Perfection- the Enemy of Good

Ever since I can remember, I have wanted to be perfect.  If I got a 99% on an exam, I would feel awful about the 1% I got wrong.  Being wrong is one of my greatest fears.  I would imagine all eyes on me, and dread the embarrassment of not knowing something.

While this has driven me to succeed in life, allowing me to achieve the grades necessary to attend The Johns Hopkins University and Columbia College of Physicians and Surgeons, it has also held me back.  I have avoided certain activities and classes that I was interested in simply because it was out of my comfort zone and failure was a possibility.

As a Board Certified Plastic Surgeon, I strive for perfection even more.  As I complete my 19th year at Yager Esthetics, no one can argue it has been one of the most successful solo private practice esthetic surgery practices over that time period.  Similar to my personality, I want each result to be perfect, and every patient to be 100% satisfied.

In reviewing my results, I can honestly say that they stack up against any I have seen.  I can also say that not a single one is perfect.  That is not to say that I feel anything was done wrong, or that anyone else would have done better.  I find fault with the appearance of supermodels and some of the most stunning women in history.  It is my curse.

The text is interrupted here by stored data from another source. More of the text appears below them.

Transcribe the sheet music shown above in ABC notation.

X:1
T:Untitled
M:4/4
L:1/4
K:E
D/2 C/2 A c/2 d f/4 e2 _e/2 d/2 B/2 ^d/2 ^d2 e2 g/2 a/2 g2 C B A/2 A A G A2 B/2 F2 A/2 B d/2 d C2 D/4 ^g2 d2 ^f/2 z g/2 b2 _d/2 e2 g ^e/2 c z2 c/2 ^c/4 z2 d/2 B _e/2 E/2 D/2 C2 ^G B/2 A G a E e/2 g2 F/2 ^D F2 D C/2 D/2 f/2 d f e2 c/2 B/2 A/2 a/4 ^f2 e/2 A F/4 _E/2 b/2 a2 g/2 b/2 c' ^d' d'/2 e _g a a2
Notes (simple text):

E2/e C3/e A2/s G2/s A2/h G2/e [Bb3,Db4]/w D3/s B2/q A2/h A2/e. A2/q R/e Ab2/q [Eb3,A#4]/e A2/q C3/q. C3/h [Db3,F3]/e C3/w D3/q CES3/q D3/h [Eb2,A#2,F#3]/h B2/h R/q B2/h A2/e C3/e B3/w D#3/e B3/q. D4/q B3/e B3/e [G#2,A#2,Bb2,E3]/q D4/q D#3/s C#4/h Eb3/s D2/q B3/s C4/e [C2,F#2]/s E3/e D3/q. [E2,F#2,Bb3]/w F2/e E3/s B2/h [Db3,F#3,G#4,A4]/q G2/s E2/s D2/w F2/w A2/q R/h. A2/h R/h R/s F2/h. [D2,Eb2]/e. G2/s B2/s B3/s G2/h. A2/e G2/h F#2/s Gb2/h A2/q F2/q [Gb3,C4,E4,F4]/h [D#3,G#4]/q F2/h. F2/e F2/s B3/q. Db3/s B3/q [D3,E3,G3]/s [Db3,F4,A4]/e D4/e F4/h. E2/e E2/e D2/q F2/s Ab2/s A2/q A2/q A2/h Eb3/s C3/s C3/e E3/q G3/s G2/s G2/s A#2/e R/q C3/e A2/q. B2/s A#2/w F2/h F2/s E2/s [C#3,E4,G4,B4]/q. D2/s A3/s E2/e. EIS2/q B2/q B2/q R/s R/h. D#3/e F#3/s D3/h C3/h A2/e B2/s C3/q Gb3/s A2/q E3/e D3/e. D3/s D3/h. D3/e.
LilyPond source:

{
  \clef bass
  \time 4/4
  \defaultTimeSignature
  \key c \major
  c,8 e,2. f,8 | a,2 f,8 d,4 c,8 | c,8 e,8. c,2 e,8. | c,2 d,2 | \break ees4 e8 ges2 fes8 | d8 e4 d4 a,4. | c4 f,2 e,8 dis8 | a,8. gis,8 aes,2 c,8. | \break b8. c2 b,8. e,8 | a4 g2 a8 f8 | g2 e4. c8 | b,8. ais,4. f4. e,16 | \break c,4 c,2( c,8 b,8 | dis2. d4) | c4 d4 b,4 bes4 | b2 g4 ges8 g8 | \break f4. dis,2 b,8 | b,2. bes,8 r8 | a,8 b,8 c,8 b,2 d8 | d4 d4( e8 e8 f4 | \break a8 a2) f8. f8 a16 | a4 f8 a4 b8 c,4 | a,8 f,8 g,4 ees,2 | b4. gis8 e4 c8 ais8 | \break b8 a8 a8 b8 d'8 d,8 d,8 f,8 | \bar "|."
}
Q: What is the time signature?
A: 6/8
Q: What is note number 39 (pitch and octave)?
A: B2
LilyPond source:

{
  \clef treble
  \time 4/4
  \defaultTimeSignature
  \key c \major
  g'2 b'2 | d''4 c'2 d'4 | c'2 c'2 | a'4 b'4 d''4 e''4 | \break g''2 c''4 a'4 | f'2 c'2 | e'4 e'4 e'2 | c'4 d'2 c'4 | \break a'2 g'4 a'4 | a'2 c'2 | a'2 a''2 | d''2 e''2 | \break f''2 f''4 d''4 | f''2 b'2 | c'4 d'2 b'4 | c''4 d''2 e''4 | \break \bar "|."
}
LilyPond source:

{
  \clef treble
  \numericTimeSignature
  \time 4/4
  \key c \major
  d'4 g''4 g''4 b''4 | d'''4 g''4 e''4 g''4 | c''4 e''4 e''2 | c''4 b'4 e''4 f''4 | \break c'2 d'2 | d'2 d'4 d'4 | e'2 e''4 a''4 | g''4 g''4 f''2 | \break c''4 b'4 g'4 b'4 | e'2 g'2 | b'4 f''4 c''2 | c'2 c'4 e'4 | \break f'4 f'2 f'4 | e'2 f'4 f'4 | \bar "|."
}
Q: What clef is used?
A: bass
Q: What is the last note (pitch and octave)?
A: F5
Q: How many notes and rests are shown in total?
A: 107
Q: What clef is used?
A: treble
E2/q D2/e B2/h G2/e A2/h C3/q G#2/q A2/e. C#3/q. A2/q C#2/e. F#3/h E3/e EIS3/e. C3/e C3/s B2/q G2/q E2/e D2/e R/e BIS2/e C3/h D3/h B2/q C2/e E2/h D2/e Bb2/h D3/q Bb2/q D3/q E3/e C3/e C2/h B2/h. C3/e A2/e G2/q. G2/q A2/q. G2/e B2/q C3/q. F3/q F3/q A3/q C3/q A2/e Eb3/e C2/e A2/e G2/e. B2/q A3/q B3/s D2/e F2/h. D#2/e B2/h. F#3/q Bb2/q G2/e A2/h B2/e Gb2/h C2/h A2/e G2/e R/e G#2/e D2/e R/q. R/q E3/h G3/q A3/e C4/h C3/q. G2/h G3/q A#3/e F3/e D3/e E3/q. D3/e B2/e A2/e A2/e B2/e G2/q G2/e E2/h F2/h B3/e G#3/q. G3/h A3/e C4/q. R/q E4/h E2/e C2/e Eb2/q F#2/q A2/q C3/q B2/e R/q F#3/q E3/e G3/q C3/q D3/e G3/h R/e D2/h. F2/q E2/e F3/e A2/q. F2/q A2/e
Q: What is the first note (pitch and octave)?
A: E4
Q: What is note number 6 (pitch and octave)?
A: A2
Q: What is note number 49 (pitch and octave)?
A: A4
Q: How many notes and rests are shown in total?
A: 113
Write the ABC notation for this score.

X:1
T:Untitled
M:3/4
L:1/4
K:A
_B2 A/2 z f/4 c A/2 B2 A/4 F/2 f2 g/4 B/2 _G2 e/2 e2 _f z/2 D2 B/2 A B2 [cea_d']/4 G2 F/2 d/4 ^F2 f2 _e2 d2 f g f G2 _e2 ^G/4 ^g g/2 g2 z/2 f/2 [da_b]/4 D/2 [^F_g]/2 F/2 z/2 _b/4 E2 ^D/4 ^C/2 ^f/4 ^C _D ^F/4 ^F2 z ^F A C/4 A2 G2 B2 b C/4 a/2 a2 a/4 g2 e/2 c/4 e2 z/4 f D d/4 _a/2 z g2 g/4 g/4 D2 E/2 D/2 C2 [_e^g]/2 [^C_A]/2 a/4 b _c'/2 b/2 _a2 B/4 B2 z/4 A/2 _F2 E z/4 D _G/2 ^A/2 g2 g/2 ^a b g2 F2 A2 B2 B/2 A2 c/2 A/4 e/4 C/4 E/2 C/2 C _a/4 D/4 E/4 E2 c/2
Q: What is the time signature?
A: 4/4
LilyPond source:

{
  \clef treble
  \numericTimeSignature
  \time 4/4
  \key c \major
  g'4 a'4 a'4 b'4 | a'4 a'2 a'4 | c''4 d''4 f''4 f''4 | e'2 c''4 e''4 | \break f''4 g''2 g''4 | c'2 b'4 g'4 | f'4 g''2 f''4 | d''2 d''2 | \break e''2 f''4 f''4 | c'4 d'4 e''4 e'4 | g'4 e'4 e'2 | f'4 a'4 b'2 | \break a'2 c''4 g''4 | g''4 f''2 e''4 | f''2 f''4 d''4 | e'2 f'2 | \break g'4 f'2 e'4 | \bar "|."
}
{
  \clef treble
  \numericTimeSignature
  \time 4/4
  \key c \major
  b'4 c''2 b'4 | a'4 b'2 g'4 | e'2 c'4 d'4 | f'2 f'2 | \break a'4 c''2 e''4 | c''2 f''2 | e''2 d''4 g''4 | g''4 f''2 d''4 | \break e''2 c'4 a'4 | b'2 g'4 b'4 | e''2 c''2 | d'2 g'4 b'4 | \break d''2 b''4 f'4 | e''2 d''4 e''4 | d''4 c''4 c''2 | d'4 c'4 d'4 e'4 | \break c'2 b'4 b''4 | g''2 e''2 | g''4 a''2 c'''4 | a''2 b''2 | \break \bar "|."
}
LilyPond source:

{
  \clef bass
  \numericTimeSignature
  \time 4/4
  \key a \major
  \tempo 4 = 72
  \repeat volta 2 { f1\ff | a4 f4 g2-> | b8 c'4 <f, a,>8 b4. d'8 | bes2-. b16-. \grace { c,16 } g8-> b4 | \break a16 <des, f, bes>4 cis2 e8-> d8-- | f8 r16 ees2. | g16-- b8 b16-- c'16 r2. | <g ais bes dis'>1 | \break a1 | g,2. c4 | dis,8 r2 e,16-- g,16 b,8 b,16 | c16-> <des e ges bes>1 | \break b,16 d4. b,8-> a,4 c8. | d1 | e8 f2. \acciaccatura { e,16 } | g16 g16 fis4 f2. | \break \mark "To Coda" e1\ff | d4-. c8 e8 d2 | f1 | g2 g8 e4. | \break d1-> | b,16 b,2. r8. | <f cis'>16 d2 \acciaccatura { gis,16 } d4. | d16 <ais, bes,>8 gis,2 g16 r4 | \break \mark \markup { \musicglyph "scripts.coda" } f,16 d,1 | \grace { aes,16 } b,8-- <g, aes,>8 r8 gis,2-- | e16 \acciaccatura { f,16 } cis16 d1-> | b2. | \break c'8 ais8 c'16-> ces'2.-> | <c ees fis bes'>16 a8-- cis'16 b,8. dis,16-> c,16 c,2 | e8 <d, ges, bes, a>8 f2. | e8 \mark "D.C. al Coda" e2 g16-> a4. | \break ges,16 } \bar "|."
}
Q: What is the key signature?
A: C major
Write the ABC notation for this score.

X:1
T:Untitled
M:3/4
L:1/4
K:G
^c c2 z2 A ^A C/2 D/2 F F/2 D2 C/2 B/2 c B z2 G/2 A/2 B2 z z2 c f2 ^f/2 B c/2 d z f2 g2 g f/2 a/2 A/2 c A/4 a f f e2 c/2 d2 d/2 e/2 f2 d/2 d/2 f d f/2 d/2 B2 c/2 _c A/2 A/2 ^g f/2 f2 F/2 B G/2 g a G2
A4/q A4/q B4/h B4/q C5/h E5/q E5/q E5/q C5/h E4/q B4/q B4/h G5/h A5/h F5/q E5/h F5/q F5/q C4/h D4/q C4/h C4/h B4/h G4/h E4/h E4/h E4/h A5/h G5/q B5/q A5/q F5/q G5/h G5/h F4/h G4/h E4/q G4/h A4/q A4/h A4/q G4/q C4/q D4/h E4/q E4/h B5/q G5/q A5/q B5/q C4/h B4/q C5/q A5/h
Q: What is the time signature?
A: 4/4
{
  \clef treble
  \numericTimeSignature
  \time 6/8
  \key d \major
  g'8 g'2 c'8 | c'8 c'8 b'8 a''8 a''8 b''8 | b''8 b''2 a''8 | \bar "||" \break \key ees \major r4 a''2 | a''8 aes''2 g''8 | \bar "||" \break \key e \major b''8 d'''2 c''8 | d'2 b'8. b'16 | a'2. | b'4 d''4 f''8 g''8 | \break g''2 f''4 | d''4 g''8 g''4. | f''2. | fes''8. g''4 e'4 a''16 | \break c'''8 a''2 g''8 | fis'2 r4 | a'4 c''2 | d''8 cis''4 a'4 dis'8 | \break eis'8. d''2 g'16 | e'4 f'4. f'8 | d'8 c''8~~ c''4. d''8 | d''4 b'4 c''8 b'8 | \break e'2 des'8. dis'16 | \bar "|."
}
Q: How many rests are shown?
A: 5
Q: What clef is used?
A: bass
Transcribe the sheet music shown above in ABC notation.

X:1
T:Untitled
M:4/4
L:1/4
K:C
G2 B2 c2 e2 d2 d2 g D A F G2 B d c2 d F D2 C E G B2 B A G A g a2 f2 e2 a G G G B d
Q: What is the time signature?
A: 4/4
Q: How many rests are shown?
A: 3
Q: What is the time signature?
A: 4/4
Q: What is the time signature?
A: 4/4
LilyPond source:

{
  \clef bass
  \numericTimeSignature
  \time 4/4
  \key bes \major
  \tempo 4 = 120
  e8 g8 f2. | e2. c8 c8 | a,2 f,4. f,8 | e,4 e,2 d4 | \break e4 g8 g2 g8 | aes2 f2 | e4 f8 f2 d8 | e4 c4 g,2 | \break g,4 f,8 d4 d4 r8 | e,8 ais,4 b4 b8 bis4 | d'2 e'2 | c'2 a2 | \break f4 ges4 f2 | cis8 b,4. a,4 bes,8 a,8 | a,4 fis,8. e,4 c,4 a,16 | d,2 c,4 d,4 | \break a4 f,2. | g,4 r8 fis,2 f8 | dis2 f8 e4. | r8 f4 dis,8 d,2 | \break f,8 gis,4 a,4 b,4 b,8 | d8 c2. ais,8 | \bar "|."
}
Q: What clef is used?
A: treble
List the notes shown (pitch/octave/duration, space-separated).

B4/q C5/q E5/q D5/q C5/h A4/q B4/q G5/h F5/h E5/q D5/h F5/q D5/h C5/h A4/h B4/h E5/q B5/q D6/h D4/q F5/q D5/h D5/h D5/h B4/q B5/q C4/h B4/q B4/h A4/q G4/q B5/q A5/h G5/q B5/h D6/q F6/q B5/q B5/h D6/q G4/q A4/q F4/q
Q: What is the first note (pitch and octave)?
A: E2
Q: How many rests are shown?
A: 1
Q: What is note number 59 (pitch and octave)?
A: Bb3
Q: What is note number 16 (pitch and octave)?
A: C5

I have only recently resigned myself to the fact that no one can be perfect.  My job is to evaluate and educate people as to how to improve their appearance, what the limitations are, and advise them of the risks and benefits so that they may decide if it is worth it to them.  I always deliver what plastic surgery can, but that may not be enough for some.

I cannot promise perfection, as it does not exist. I must make sure each patient understands that, and hopefully discourage those who do not from having surgery.  I am a very good Plastic Surgeon.  Perfect I am not.